Now, Barnabas has traveled to an alternate universe. In this “Parallel Time,” Willie’s counterpart is a writer, the author of several novels and of a biography of Barnabas’ own counterpart, who died a natural death in 1830. This Will Loomis lives in the Old House on the estate of Collinwood, which corresponds to Barnabas’ home in his own universe. Will’s wife, the former Carolyn Collins Stoddard, was the first person Barnabas met upon arriving in Parallel Time. Barnabas took Carolyn as his blood thrall, and he has shown her a room in the basement of the Old House that she never knew existed. He stashed a coffin there.

Three of Will’s novels were bestsellers made into feature films, but he and Carolyn are now acutely short of funds. We see why today. Carolyn explains to Barnabas that Will won’t be home until the Eagle closes. Barnabas asks what the Eagle is. He should know- that was the name of the tavern in his Collinsport in the 1790s and again in 1897, and he knew it in both eras. The same place was called the Blue Whale in the 1960s in the main continuity, but evidently it kept its old name here.

Will comes staggering home. He recognizes Barnabas’ profile from a sketch of the subject of the biography he wrote. Carolyn explains that Barnabas is that man’s descendant. When Barnabas says that he read Will’s book and admires it, Will brightens, as authors do, and says that the occasion calls for a drink. At first he insists on putting Barnabas up as a houseguest, free of charge, but Carolyn persuades him to let Barnabas pay rent. It’s anyone’s guess how Barnabas will be paying for anything- he stumbled into “Parallel Time” quite inadvertently, without stuffing his pockets or putting on a money belt or making any other preparations. But Will and Carolyn have an extensive discussion about charging Barnabas rent in this scene, and they bring it up again later. Evidently the writers want us to think about it.

The next day, Will suggests that he and Carolyn go to the great house on the estate to meet the new mistress, the bride of Carolyn’s uncle Quentin. Carolyn pleads a migraine, and Will goes by himself. Housekeeper Julia Hoffman is about to introduce him when he cuts her off. He tells the new Mrs Collins that he knew her father. She is the former Maggie Evans. The past tense about her father Sam is news to returning viewers- yesterday Sam was mentioned in terms that left it unclear whether he was still alive, and we might have hoped to see him. In the main continuity, Sam was killed by a Frankenstein’s monster in June 1968, but that monster would not have existed in this universe.

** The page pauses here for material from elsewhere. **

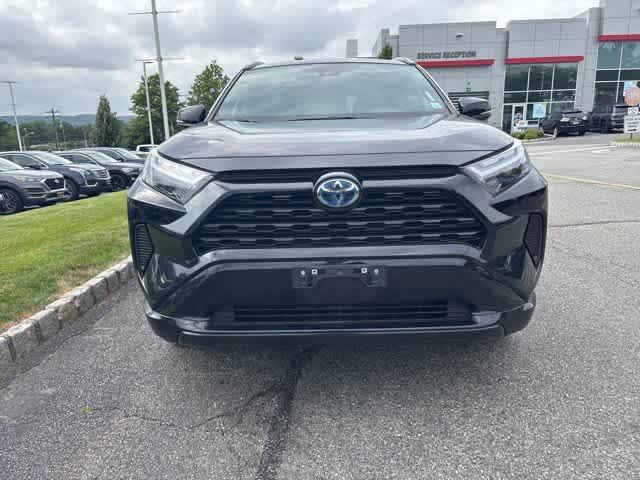 used 2022 Toyota RAV4 Hybrid car, priced at $35,000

Will says that he and Sam spent many a night drinking together at the Eagle. The new Mrs Collins is not visibly pleased to be reminded of her father’s drinking habit. She offers Will a cup of tea, and he refuses. He avers that tannic acid is bad for the health. Hoffman is at hand with a glass of brandy, and she chuckles when she agrees with him that she can tell Maggie his views about beverages. Hoffman leaves, and Will urgently whispers to Maggie that he must not trust Hoffman.

Will does not approve of tannic acid. Screenshot by Dark Shadows Before I Die.

Later, Maggie will go to Angelique’s old room in the east wing of the house and overhear Hoffman telling the portrait of Angelique that hangs there that she has her on the run. Hoffman cackles with glee at Maggie’s discomfort. Maggie opens the door and asks her what’s going on; Hoffman quickly composes herself and says that the staff hasn’t had a chance to tidy up the east wing sufficiently to welcome the new mistress.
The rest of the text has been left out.